Another brow arch. "You think I jest? Apparently, you are in need of a minder and I volunteered."

I saw Lucas approaching and got out of the car, half closing the door behind me.

"Cassandra?" I said. "Tell me you're kidding."

"Unfortunately, no," he murmured.

"I heard that," Cassandra said.

"I'm sure you did," he said, then we both got in. "Hello, Cassandra."

"Hello, Lucas. Not going to apologize for that rude comment?"

When he didn't answer, she smiled. "Very good. A marked improvement."

He turned to me. "Cassandra is coming to L.A. to accompany you on your lead. Then you'll accompany her on hers."

"Because she needs a minder . . . or she'll wander off in one of her end-of-life fogs."

"See?" Cassandra said. "I told you she'd do better with me around."

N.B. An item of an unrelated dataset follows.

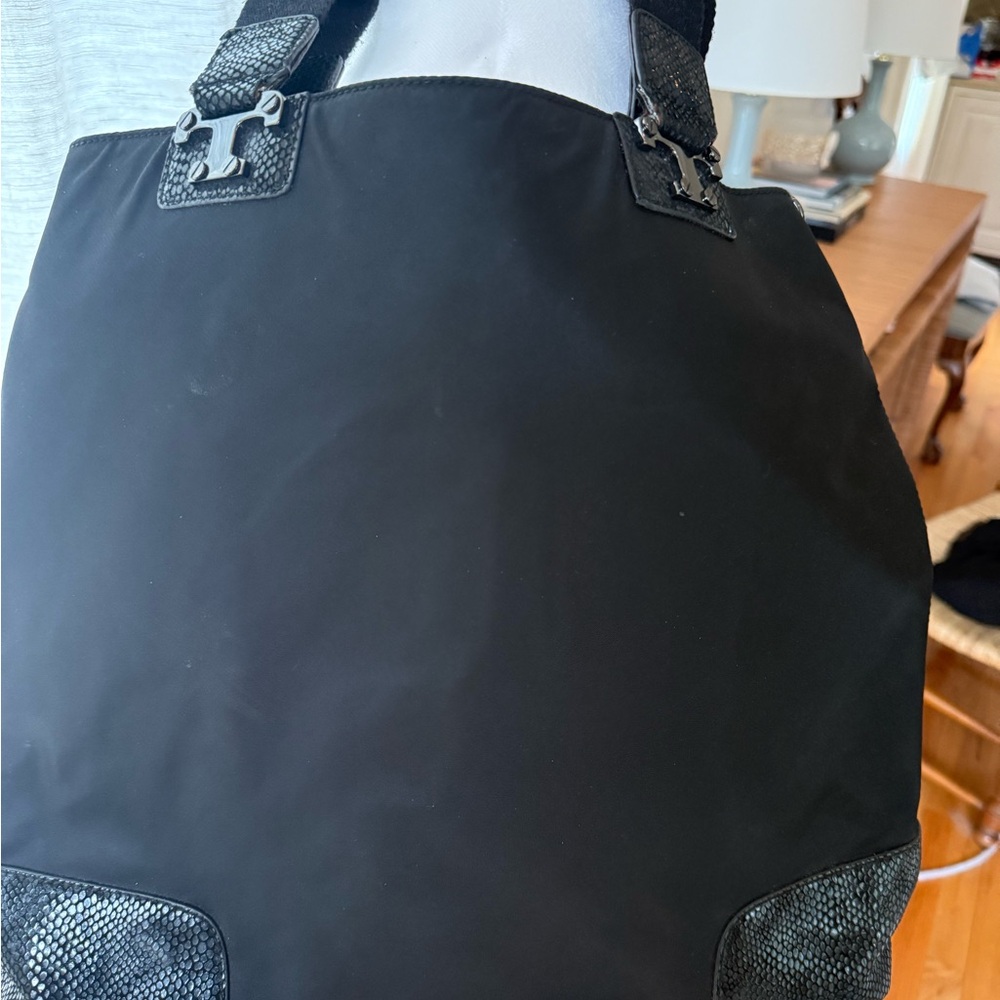 Tory Burch Black Tote Bag with Textured Accents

"What's the lead?" I said.

"A supernatural contacted the council, through Paige. A half-demon named Eloise, who reported seeing Anita Barrington in L.A., with someone supposedly recruiting for this movement."

"Anita Barrington?"

Cassandra's brows arched. "And they say I don't pay enough attention to council records. Elena worked with Anita during that silly portal business."

"Right."

I remembered the case now. Anita Barrington had been a witch that the werewolves used as a resource while investigating a portal alleged to have freed Jack the Ripper in Toronto. As usual, the truth was far more mundane. The guy it freed was a Victorian immortality quester--Matthew Hull. Anita Barrington was also an immortality quester, and had helped Elena find Hull. Until she had a final encounter with her mortality.

"Didn't she die during that investigation?" I said.

"Being dead doesn't necessarily stop anyone from causing trouble," Lucas said. "As you well know."